In the present invention, the elution of the aluminum in the calcined kaolin is very responsive to the temperature, and since the amount of elution is large relative to the blending amount, the reaction can be carried out in a short time, so a large amount of aluminum ions Is eluted, reacts with the alkali silicate solution, and the reaction can be completed in a short time. By allowing the reaction to be performed in a short time under the curing conditions, a homogeneous material can be obtained. It is considered that fine crystals such as ettringite have a great influence on increasing the strength. Moreover, in this invention, a homogeneous molded object can be obtained by curing a molded object at high temperature.

  Table 2 shows the humidity control performance of the cured body.

  As shown in FIGS. 6a and 6b, it can be seen that the cured body in which the pores are shifted to the nanometer size is very excellent in humidity control performance. Moreover, the humidity control performance was further improved by blending sepiolite. Even if sepiolite is blended, it is considered that the humidity control performance of the cured product of the present invention increases dramatically due to an increase in cumulative pore volume and an increase in the vicinity of nm to several tens of nm as shown in FIG.

  FIG. 10 shows an electron microscope observation of the cured product produced in Example 4. A fine structure of nanometer order is observed, and at the same time, fine crystals such as ettringite in the interstices between particles are confirmed. From this fact, it is considered that the strength can be maintained even if a large amount of piolite is contained.

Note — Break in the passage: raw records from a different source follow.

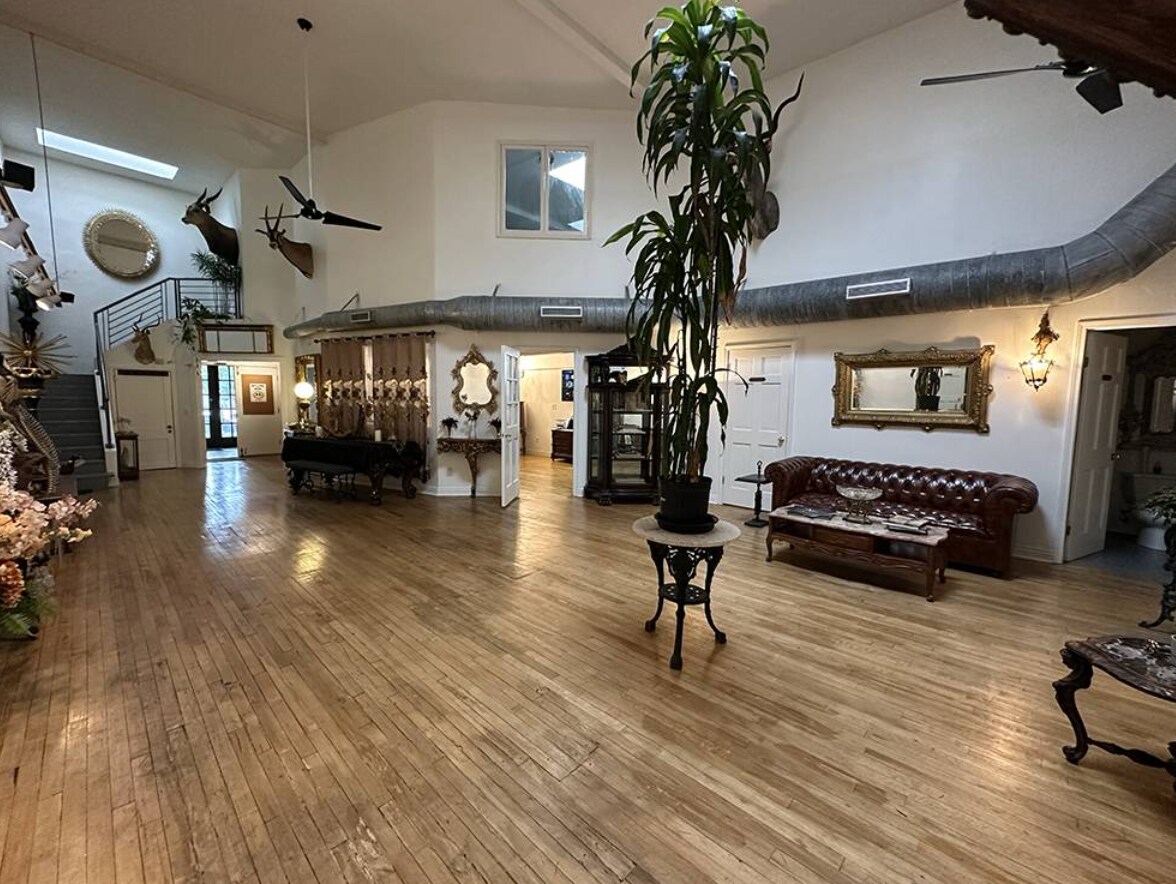 Building Photo - 706 W Pennway St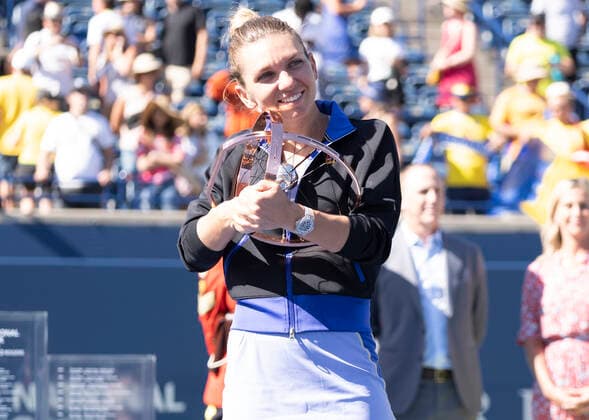 August 14, 2022, Toronto, Ontario, Canada: SIMONA HALEP from Romania holds up her trophy after she defeated Beatriz Haddad Maia 3-6, 6-2, 3-6 to win the National Bank Open in Toronto Canada. Toronto Canada - ZUMAm215 20220814_zip_m215_013 Copyright: xArlynxMcAdoreyx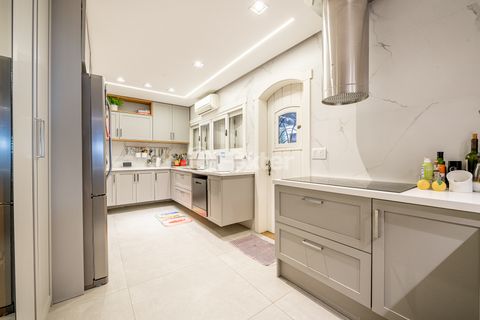 Image 13 - 208298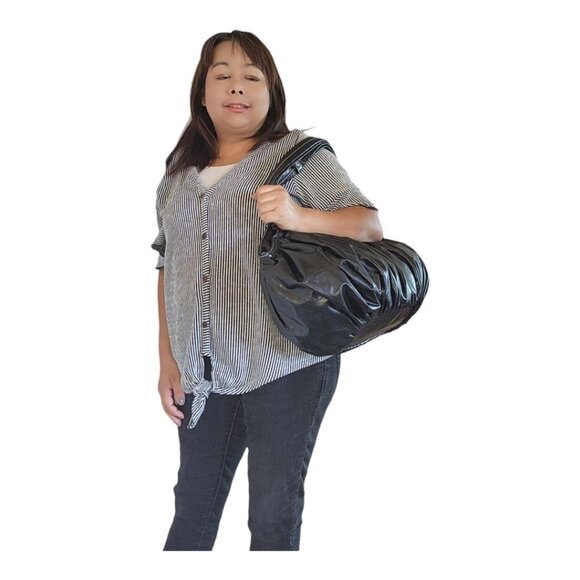 BLACK  RUFFLED TOTE BAGE LARGE - Picture 4 of 16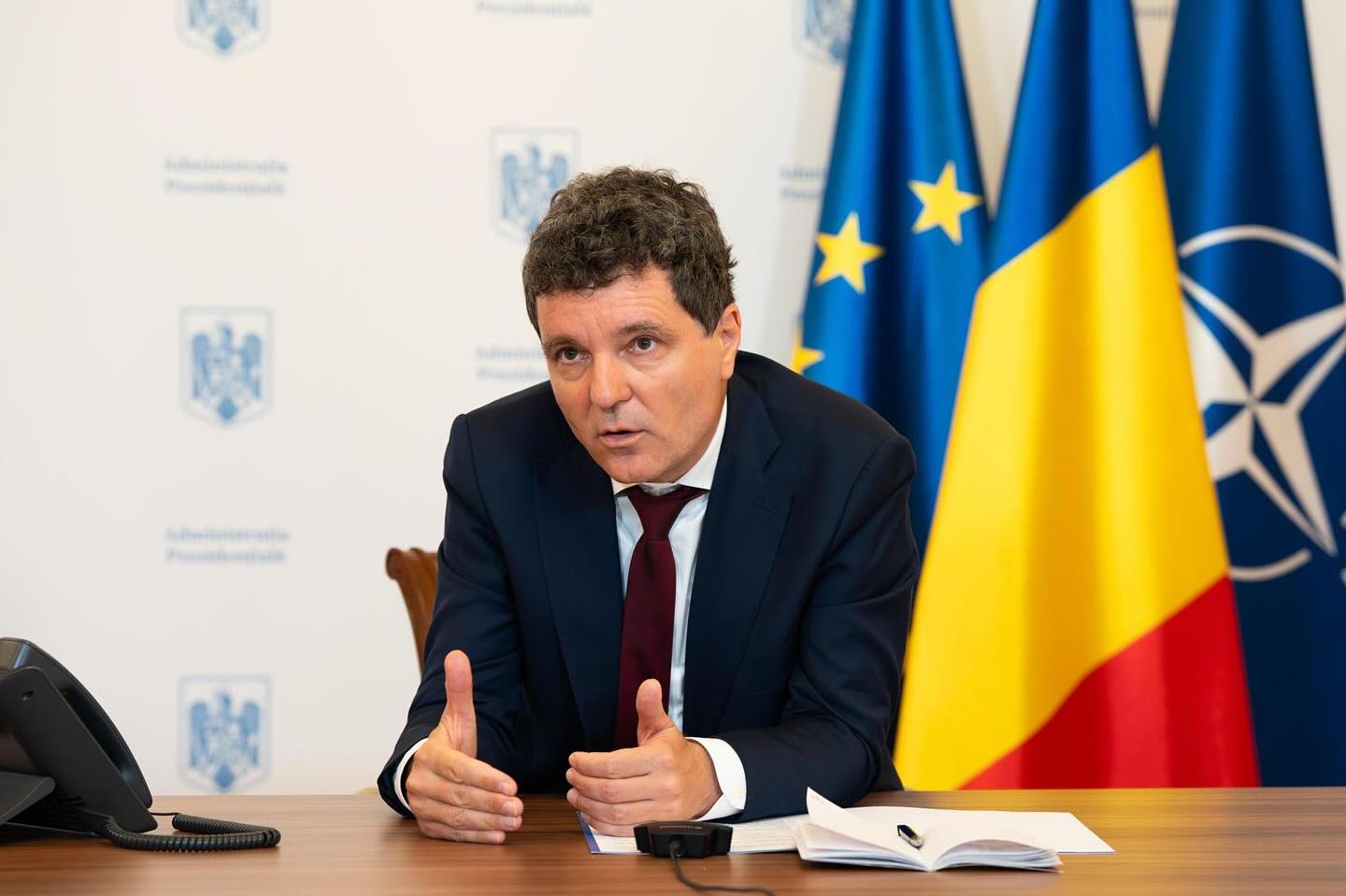 Mi itt a gond? - kérdezi az államfő. | Fotó: Nicușor Dan Facebook-oldala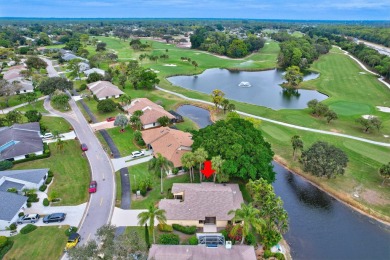 ***PRICE IMPROVEMENT!*** NEW ROOF - NEW A/C! Enjoy the good life on Eastpointe Country Club in Florida - for sale on GolfHomes.com, golf home, golf lot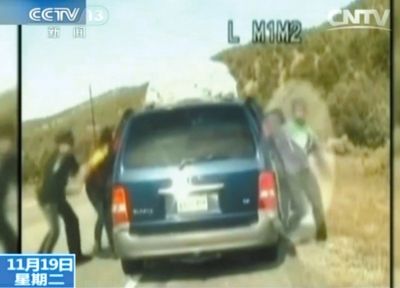 雷爾與警察爭執(zhí)，費雷爾兒子下車試圖保護媽媽。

It is an X-ray-diffraction result of the calcined product of kaolin. It is a differential thermal analysis of kaolin. It is a schematic diagram of the crystal | crystallization of a calcined kaolin. It is an elution characteristic of the calcined product of kaolin. A MAS-NMR ⁽²⁷ Al) spectrum of kaolin calcine. It is an image figure of pore diameter control by baking kaolin additive-free. It is an image figure of pore diameter control by baking kaolin addition. 2 is a pore size distribution curve of a cured geopolymer. It is pore diameter distribution of a geopolymer hardened | cured material. 2 is a pore size distribution curve of a cured geopolymer. It is pore diameter distribution of a geopolymer hardened | cured material. It is a pore diameter distribution curve of the geopolymer hardened | cured material which mix | blended sepiolite. It is a SEM photograph of the fracture surface of a geopolymer hardening body.

Claims (4)

Geo which is obtained by curing, by mixing, molding and curing at high temperature, a filler blended with calcined kaolin and gypsum heat-treated at 850 ° C. to 950 ° C. as an active filler. Polymer high-strength cured body. The geopolymer high-strength cured body according to claim 1, wherein PF ash is used as a component of gypsum. A method for producing a geopolymer high-strength cured product, characterized by mixing a filler in which calcined kaolin and gypsum are blended as an active filler, a geopolymer and water, molding and curing at a high temperature. The method for producing a geopolymer high-strength cured product according to claim 3, wherein PF ash is used as a component of gypsum.